__WORK ITEM__. In this exercise, copy exactly the lines from the one that contains "Wholesale Alloy Fashion" through the end of the entries below; pictures are not copied.

Short web captions:
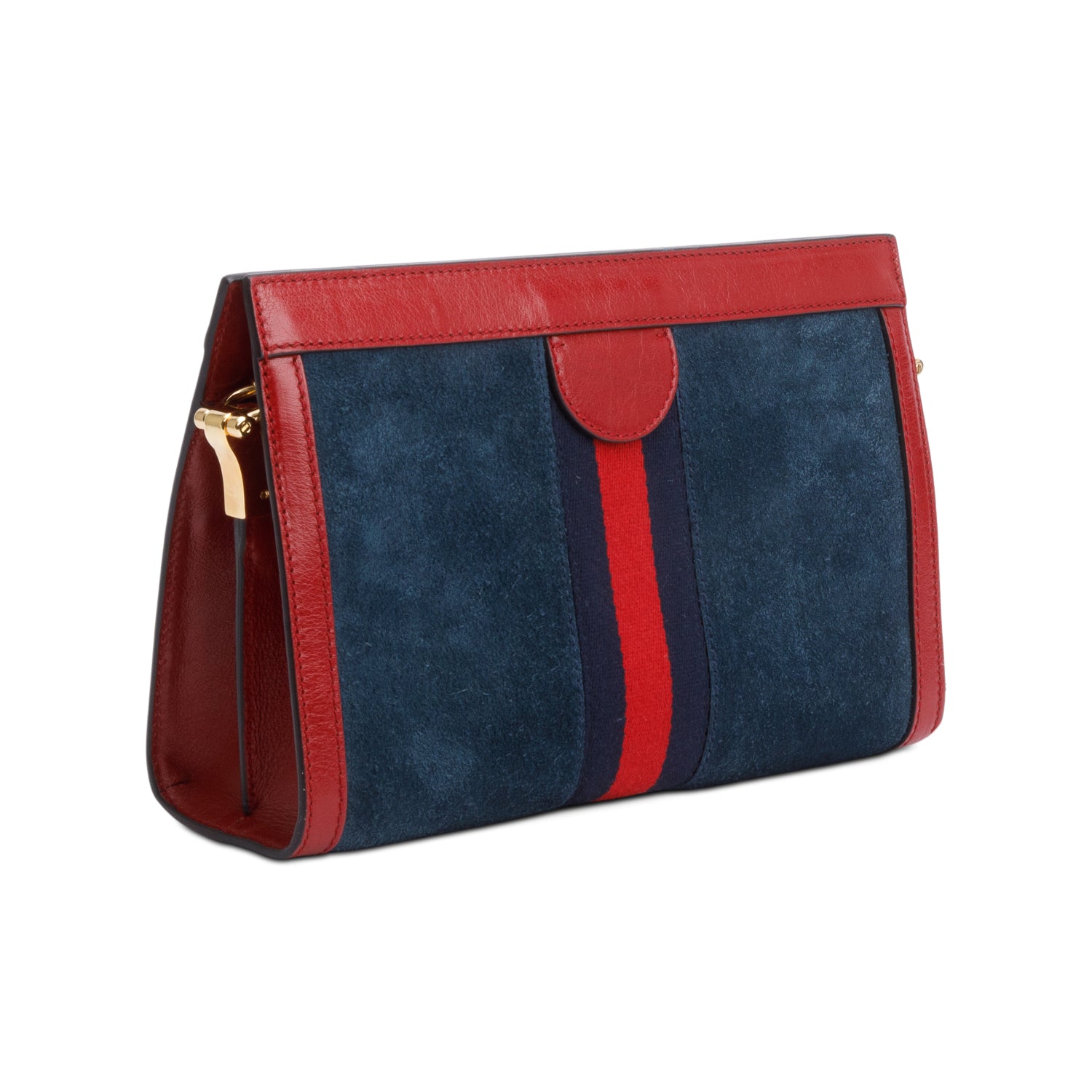 Gucci Blue Suede Red Patent Leather Web Ophidia Medium Chain Shoulder Bag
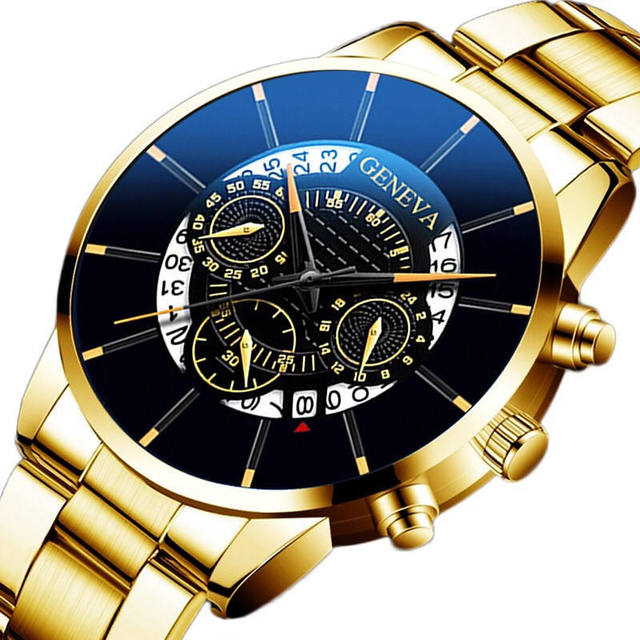 Wholesale Alloy Fashion Stainless Steel Quartz Watch Classic Boy Gold Watches for Men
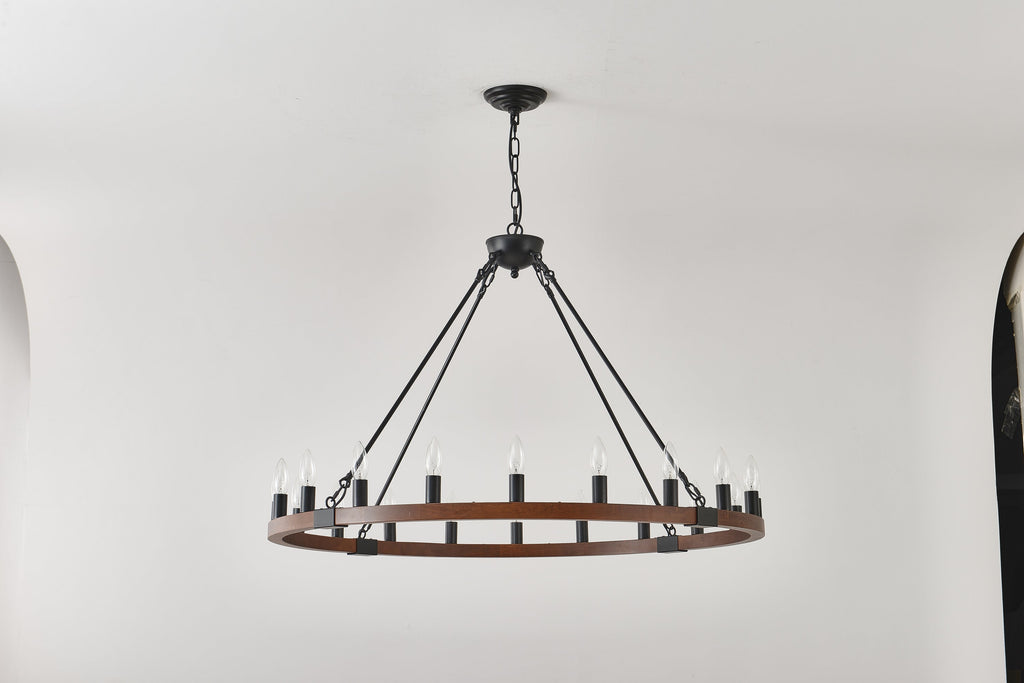 Chandelier Wood Wagon Wheel 20-Light Farmhouse Matte Black 39.3 In
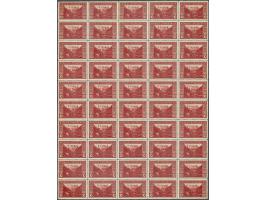 12 Heller on 10 Heller red, full sheet of 50 (without margins) including Ferchenbauer types I (42x), II (7x) and III (1x, ope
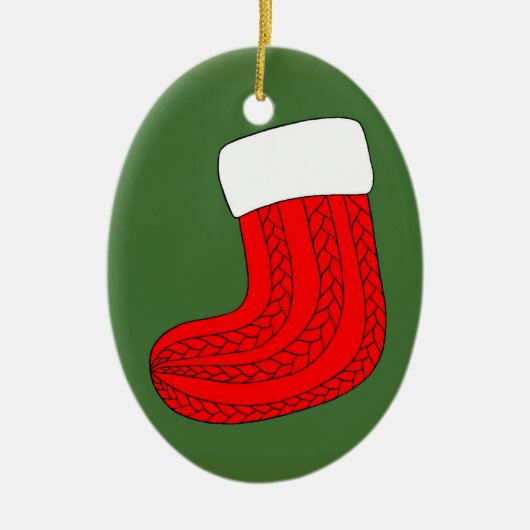 クリスマスストッキング セラミックオーナメント (正面)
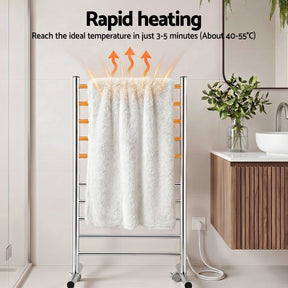 Devanti 10 - Bar Freestanding Heated Towel Rail 3 - 5 Mins Fast Heating Electric Towel Warmer for Bathroom Winter Drying Stainless Steel Plug In 100W - SportZone.co.nz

__REPLY__.
 Wholesale Alloy Fashion Stainless Steel Quartz Watch Classic Boy Gold Watches for Men
 Chandelier Wood Wagon Wheel 20-Light Farmhouse Matte Black 39.3 In
 12 Heller on 10 Heller red, full sheet of 50 (without margins) including Ferchenbauer types I (42x), II (7x) and III (1x, ope
 クリスマスストッキング セラミックオーナメント (正面)
 Devanti 10 - Bar Freestanding Heated Towel Rail 3 - 5 Mins Fast Heating Electric Towel Warmer for Bathroom Winter Drying Stainless Steel Plug In 100W - SportZone.co.nz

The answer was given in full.